Defines the node id that begins an edge - should refer to the index of the two series objects above

edge_to : Pandas Series, int

Defines the node id that ends an edge - should refer to the index of the two series objects above

edge_weights : Pandas DataFrame, all numerics

Specifies one or more impedances on the network which define the distances between nodes. Multiple impedances can be used to capture travel times at different times of day, for instance

twoway : boolean, optional

Whether the edges in this network are two way edges or one way ( where the one direction is directed from the from node to the to node). If twoway = True, it is assumed that the from and to id in the edge table occurs once and that travel can occur in both directions on the single edge record. Pandana will internally flip and append the from and to ids to the original edges to create a two direction network. If twoway = False, it is assumed that travel can only occur in the explicit direction indicated by the from and to id in the edge table.

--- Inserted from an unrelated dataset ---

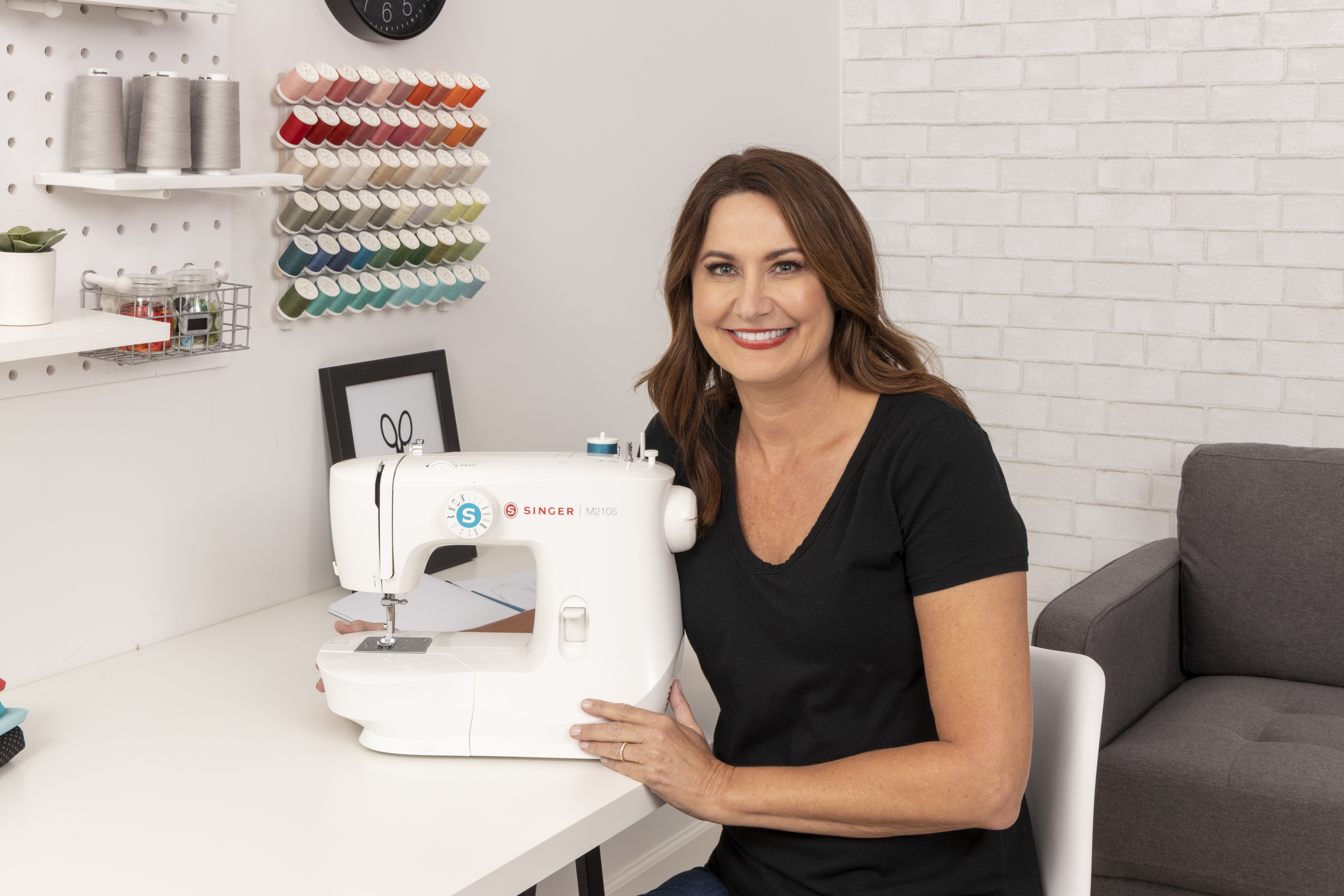 A woman smiling next to a white sewing machine. She is in a well-lit room with spools of thread.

aggregate(self, distance, type='sum', decay='linear', imp_name=None, name='tmp')

Aggregate information for every source node in the network - this is really the main purpose of this library. This allows you to touch the data specified by calling set and perform some aggregation on it within the specified distance. For instance, summing the population within 1000 meters.

Parameters:
distance : float

The maximum distance to aggregate data within. ‘distance’ can represent any impedance unit that you have set as your edge weight. This will usually be a distance unit in meters however if you have customized the impedance this could be in other units such as utility or time etc.

type : string

The type of aggregation, can be one of “ave”, “sum”, “std”, “count”, and now “min”, “25pct”, “median”, “75pct”, and “max” will compute the associated quantiles. (Quantiles are computed by sorting so might be slower than the others.)

decay : string

The type of decay to apply, which makes things that are further away count less in the aggregation - must be one of “linear”, “exponential” or “flat” (which means no decay). Linear is the fastest computation to perform. When performing an “ave”, the decay is typically “flat”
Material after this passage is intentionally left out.